Siting a Solar Array
Some businesses place PV arrays on parking lot canopies, atop pole mounts, or on racks in open fields, but the majority are sited on rooftops. Important criteria to consider when selecting the location for a commercial PV installation are how much sun exposure the site has, the condition of any of the site’s building surfaces, and the presence of any objects that will shade the array. These are all factors that the solar contractor will take into account when sizing a system to develop a quote.
In general, a flush-mounted array on a slanted roof will be the least expensive option; a ballasted array that’s angle-mounted on a flat roof will be more expensive and have a larger footprint. A PV array should not be sized and sited to use all available space. Rather, it should be sized to provide the best economic scenario for the business and to fit appropriately within the available space.

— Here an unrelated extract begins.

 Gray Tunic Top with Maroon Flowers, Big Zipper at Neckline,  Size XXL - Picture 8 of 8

Estimate the available solar resource. Solar resource refers to the average annual amount of sunlight that reaches a given site. The greater the solar resource, the more energy a particular PV array will generate. One of the most powerful and simple tools to help with this type of site evaluation is a free online tool from the National Renewable Energy Laboratory called PVWatts. This tool allows you to quickly estimate system output throughout the year based on geographic location and system setup.
Determine the condition of the existing roof. It’s vital for businesses to be apprised of the condition of their roof prior to installing a PV array because once the array is in place, the cost of any necessary repairs will be substantially greater. So if the existing roof is in poor condition, the time to address that problem is before the array is installed.

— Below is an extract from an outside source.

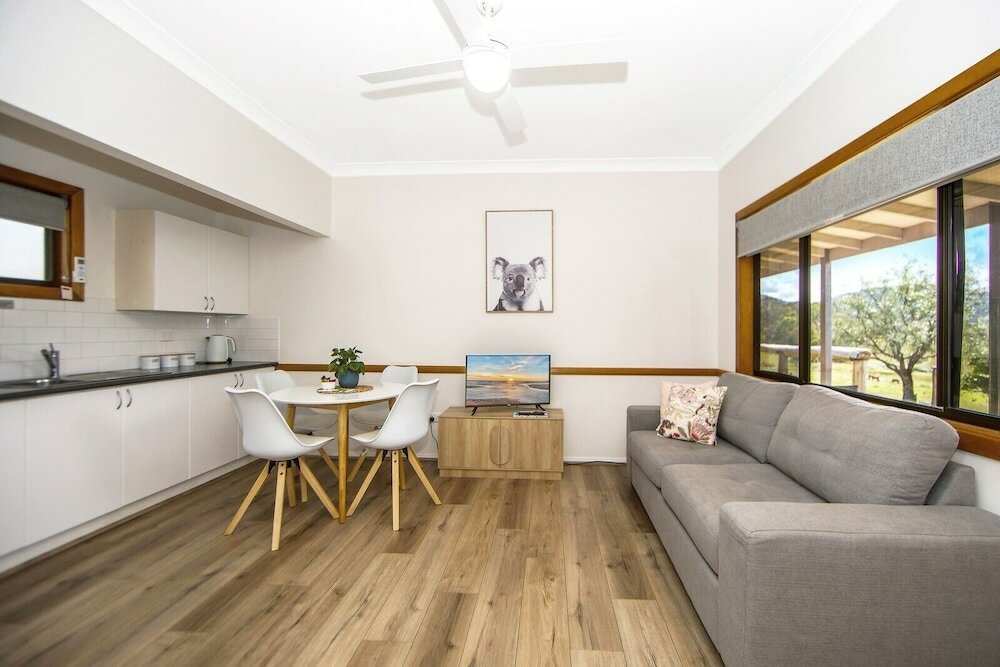 Фото Altamira Along Bakers Creek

Minimize the impact of shading. When an individual cell within a module or an individual module within an array is shaded, its output will be reduced—and typically to a much greater degree than simply the proportion of the area that’s shaded. This can be an even larger problem for some polycrystalline modules because of the way they’re built—their panels effectively shut down when heavily shaded or covered with snow. When siting an array, the contractor will assess the local “solar window” for it, effectively estimating the unshaded region of sky at different times of the year.
Measurement tools and software made by companies such as Solar Pathfinder and Solmetric are available to help PV array owners and contractors estimate the solar window for a proposed or existing array. They can also predict or measure performance throughout the year. Proper and regular tree maintenance can help maintain the original solar window for a given PV system, especially for systems mounted at ground level.

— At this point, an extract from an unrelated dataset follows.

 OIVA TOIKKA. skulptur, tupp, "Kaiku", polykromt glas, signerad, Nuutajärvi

Financing a Solar Installation
Finance mechanisms can play a significant role in determining the cash-flow scenario and net present value for commercial PV systems. Capital and operating leases are among the most popular financing options. Another often-used option is power purchase agreements, which enable business owners to establish contracts for the sale of future power generated at their facility, whether to a utility, to another third-party aggregator, or even to a financial vehicle such as a yieldco, which effectively treats future anticipated power production as a tradable resource.
Whichever financing structure you settle on, the solar array should be sized in such a way that either the monthly payments for the system, including any applicable maintenance fees or taxes on avoided utility expenses, are lower than the avoided costs (the electric bills) or the yields on power traded exceed amortized system costs. And of course, the ideal financial investment plan should break even in fewer than 30 years and include all anticipated lifetime costs (such as replacement inverters and modules and maintenance costs).